In the Indian Penal Code, Section 498A has brought a significant revision for defending women’s rights and empowerment under which any sort of extortion of property, by exposing a woman to cruelty is culpable under Section 498A. In around 80% of the cases, the episodes of abusive behavior at home or cruelty against women are identified with dowry. In this way, these rules and amendments were essential for keeping women from being mishandled and this Section is one of the significant enemies of anti-dowry laws in India.

In the judgement of the case Rajesh Sharma and ors. v. State of Uttar Pradesh and Anr.[2]and ManavAdhikar and Anr. v. Union of India and Ors.[3]the Hon’ble Supreme Court opined that there was a need to check the tendency of women to rope in all family members related to the crime of demanding dowry or not while filing a complaint alleging abuse and demand of dowry. The main direction given was for the establishment of the Family Welfare Committee which was directed to look into complaints filed under Section 498A and that no arrest shall be made until the report of the committee was duly received.

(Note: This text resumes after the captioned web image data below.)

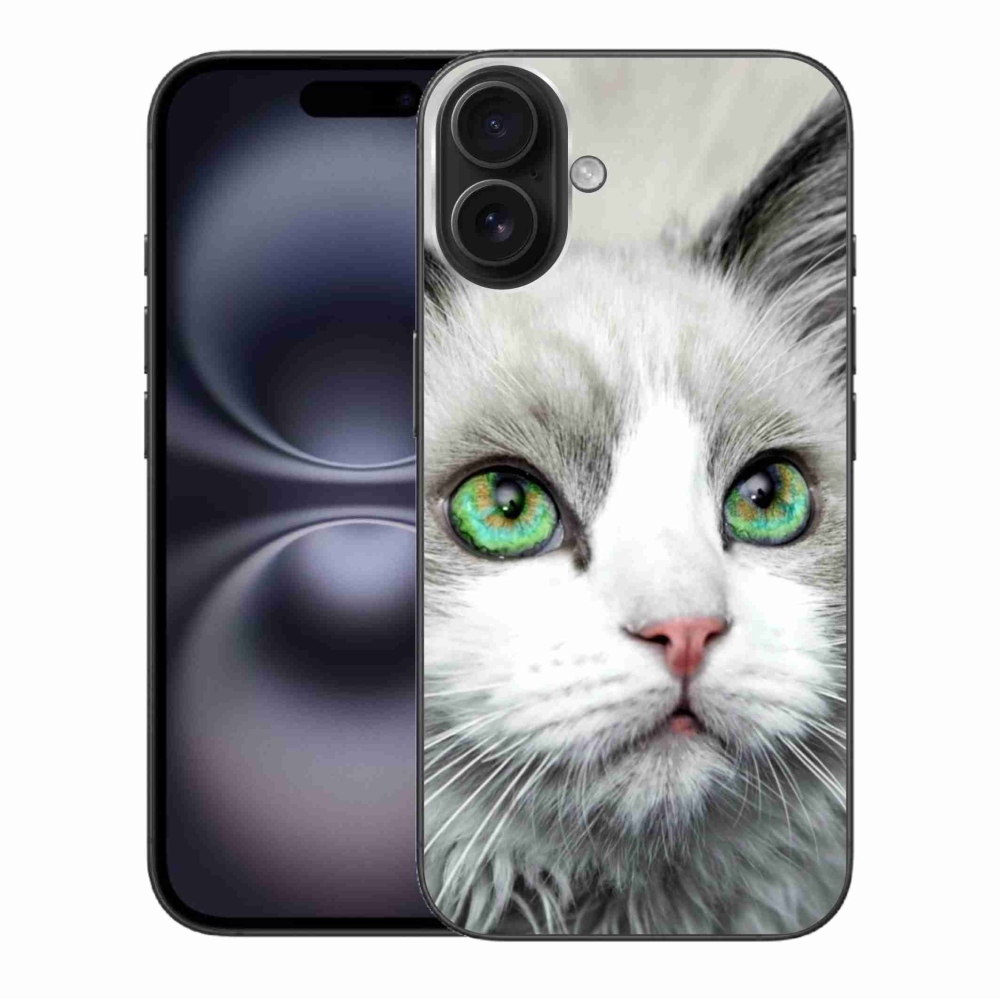 Gelový kryt mmCase na iPhone 16 Plus - kočičí pohled
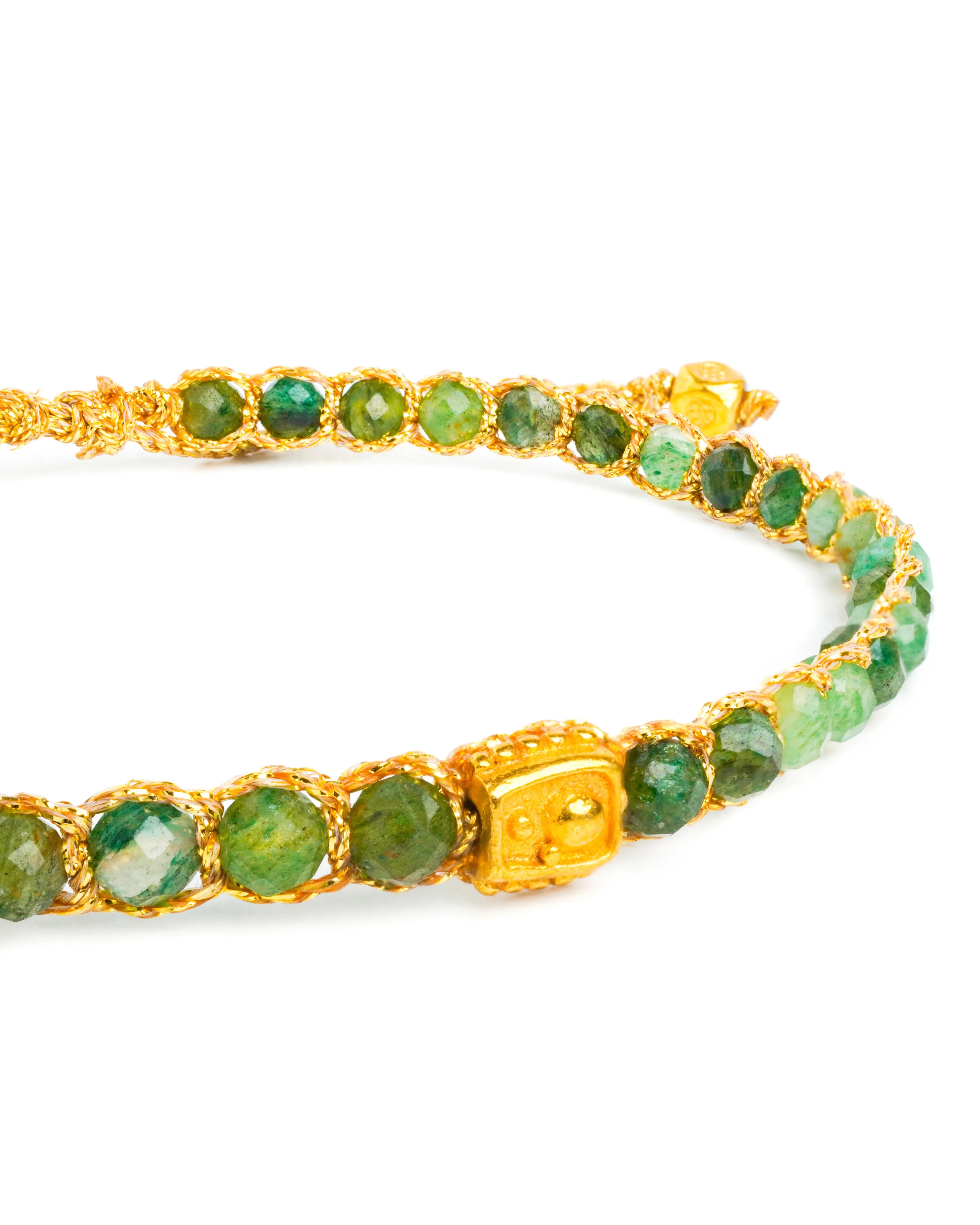 Green Mica Bracelet | Gold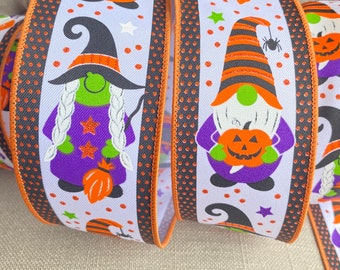9 Meter Wire Edged Ribbon Halloween Gnomes lots of Cute Gnomes Witch Wizard Pumpkins , 2.5” Wide, Gnome Ribbon, Wired Ribbon, Usa Import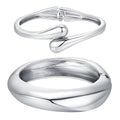 Chunky Gold Bangle Bracelets for Women Trendy 14K Gold Plated Cuff Bracelets Stack, Dainty Gold Bracelet Sets Non Tarnish Fashion Jewelry Gift - style: 2pcs-Silver-BoldTwinDrop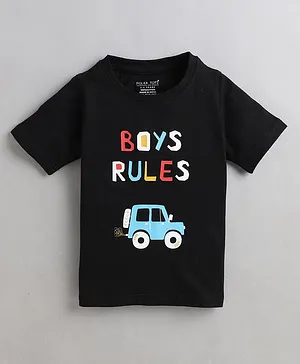 Polka Tots Half Sleeves Boys Rules Print Tee - Black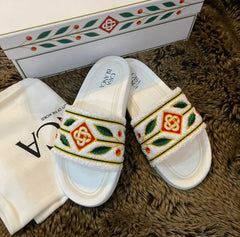 Casablanca Laurel Slides White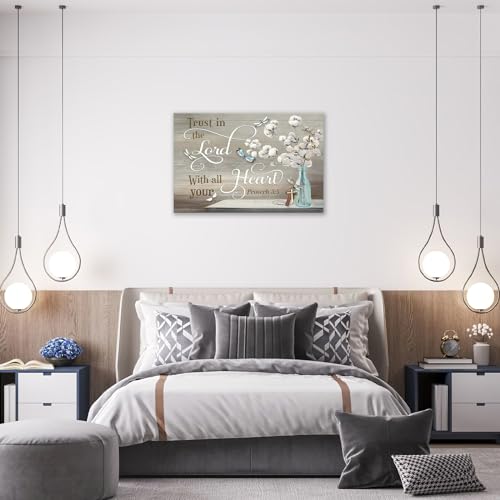 yerretin Christian Bible Verse Wall Art Religious Pictures Wall Decor Scripture Lord Canvas Cotton Painting Modern Decoration Artwork for Bathroom Living Room Bedroom Office Framed 16"x12" - color: Cotton Dragonfly, size: 16"L x 12"W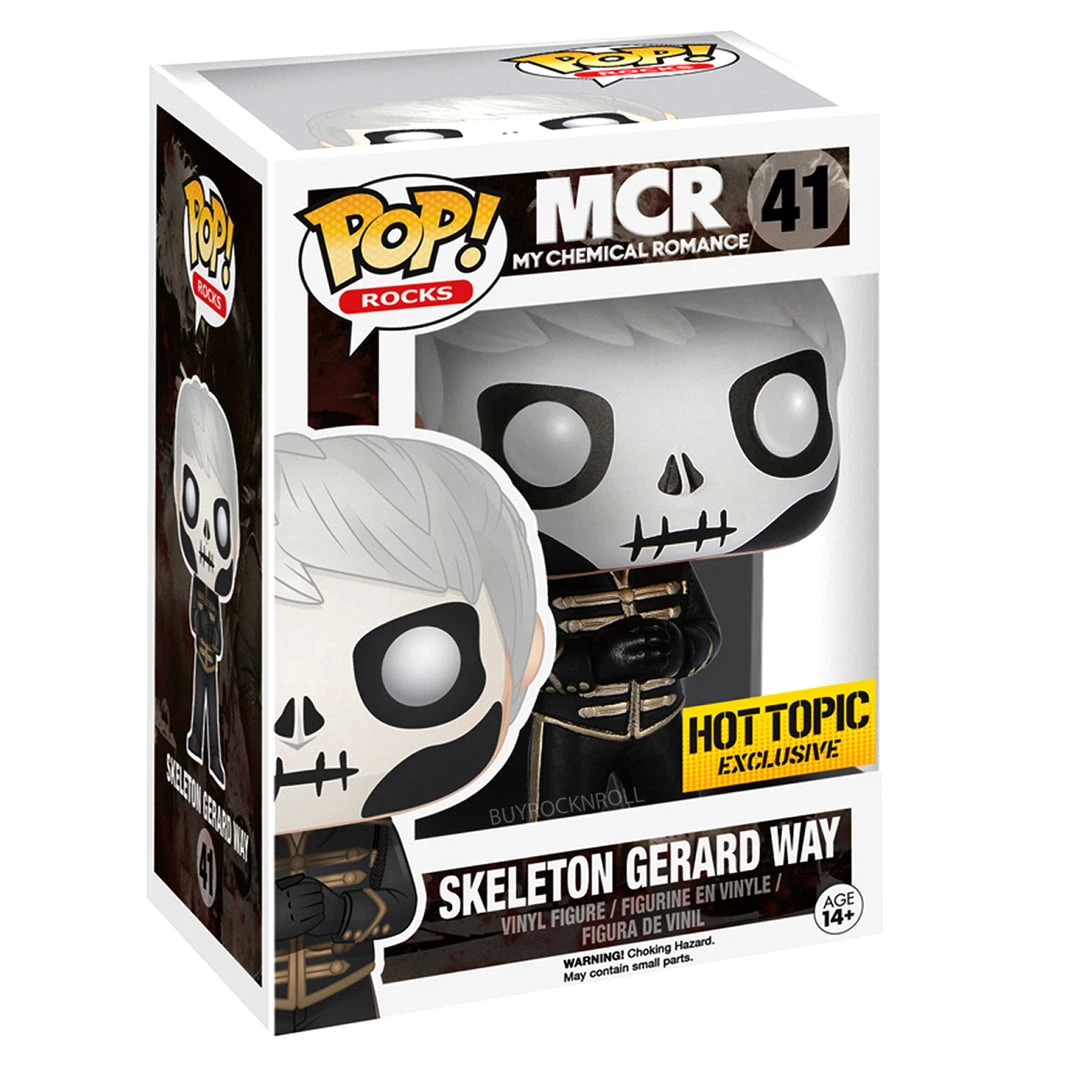MCR 2015 Hot-Topic Funko Pop Rocks Gerard Way Skeleton Figure #41 In A Stacks Protector Case 4 MCR 2015 Hot-Topic Funko Pop Rocks Gerard Way Skeleton Figure #41 In A Stacks Protector Case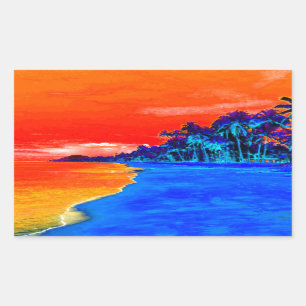 Pegatina Rectangular Pop Art Exotic Beach Palm Trees
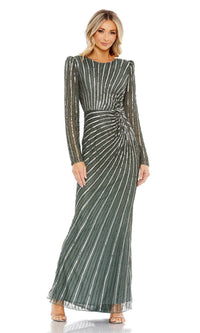 Slate Grey Mac Duggal Long Formal Dress 5641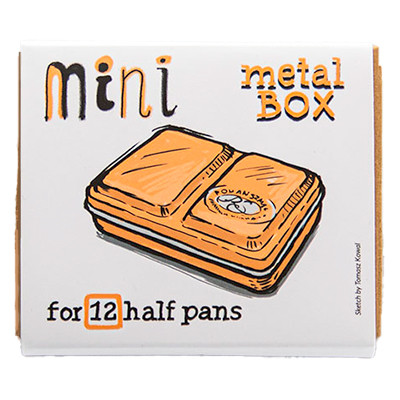 Metalowa kasetka Mini Box Apricot na 12 półkostek akwareli, Szmal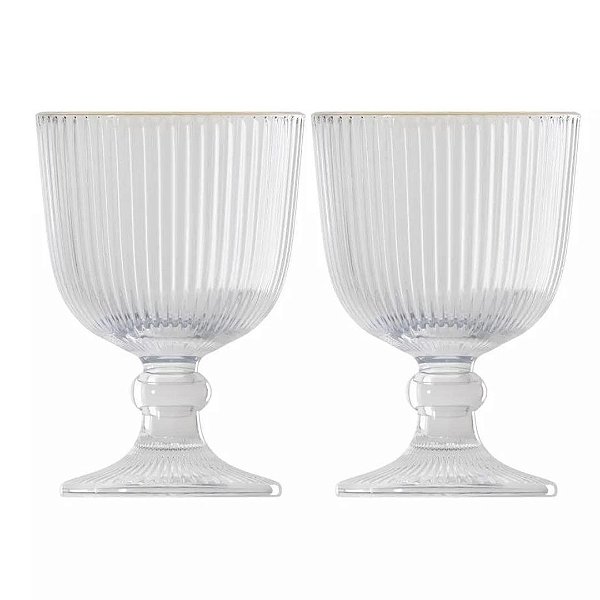 Taça de Vidro Fio de Ouro Lines C/2Un 380ml 20637 Wolff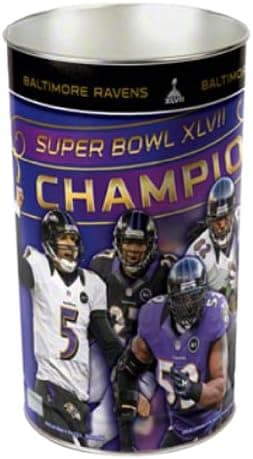 NFL Baltimore Ravens Super Bowl XLVII Champions Multiple Players Wastebasket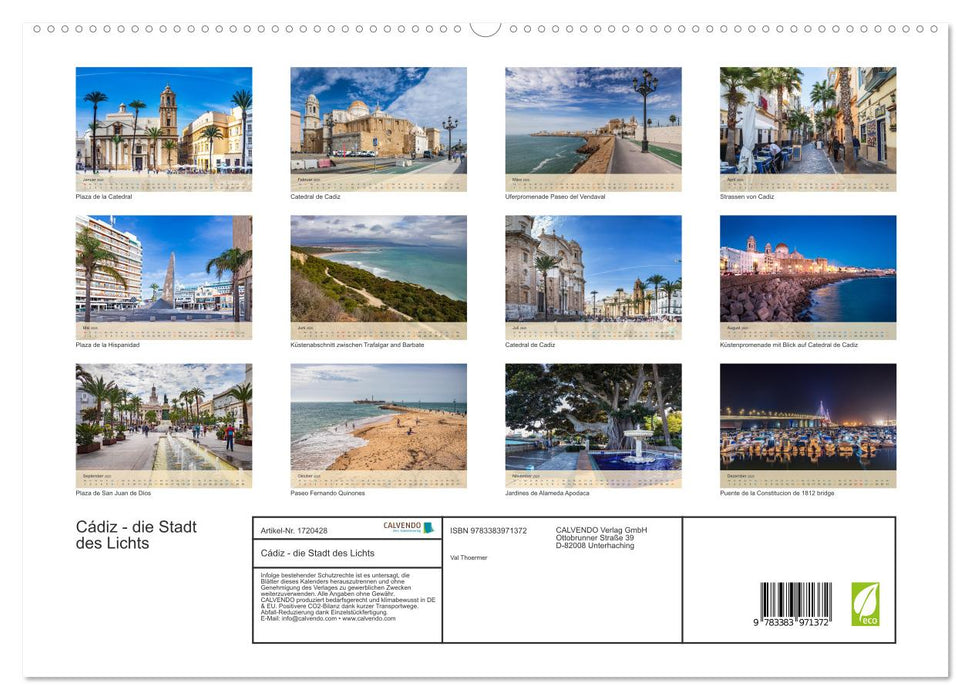 Cádiz - die Stadt des Lichts (CALVENDO Premium Wandkalender 2025)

Section 4 of the Dowry Prohibition Act, 1961 states that “Penalty for demanding dowry.—If any person demands, directly or indirectly, from the parents or other relatives or guardian of a bride or bridegroom, as the case may be, any dowry, he shall be punishable with imprisonment for a term which shall not be less than six months, but which may extend to two years and with fine which may extend to ten thousand rupees. Provided that the court may, for adequate and special reasons to be mentioned in the judgment, impose a sentence of imprisonment for a term of less than six months.[4]Which generally means that asking for dowry is a punishable offense which makes a person liable to a fine of ten thousand rupees and imprisonment up to two years.


The Petitioner, Arnesh Kumar, was arrested under Section 4 of the Dowry Prohibition Act, 1961 after his wife affirmed that he requested dowry from her.She allegedthat Kumar’s parents demandedeight lakh rupees, a Maruti car, an air- conditioner, a television set, etc. and when this fact was brought to the Petitioner’s notice, he supported his mother and threatened to marry another woman. It has been alleged that she was driven out of the matrimonial home due to non-fulfillment of the demand of dowry. Denying the claims, Kumar applied for anticipatory bail, yet his solicitation was denied. This drove him to appeal in the format of Special Leave Petition, which was allowed by the Supreme court of India.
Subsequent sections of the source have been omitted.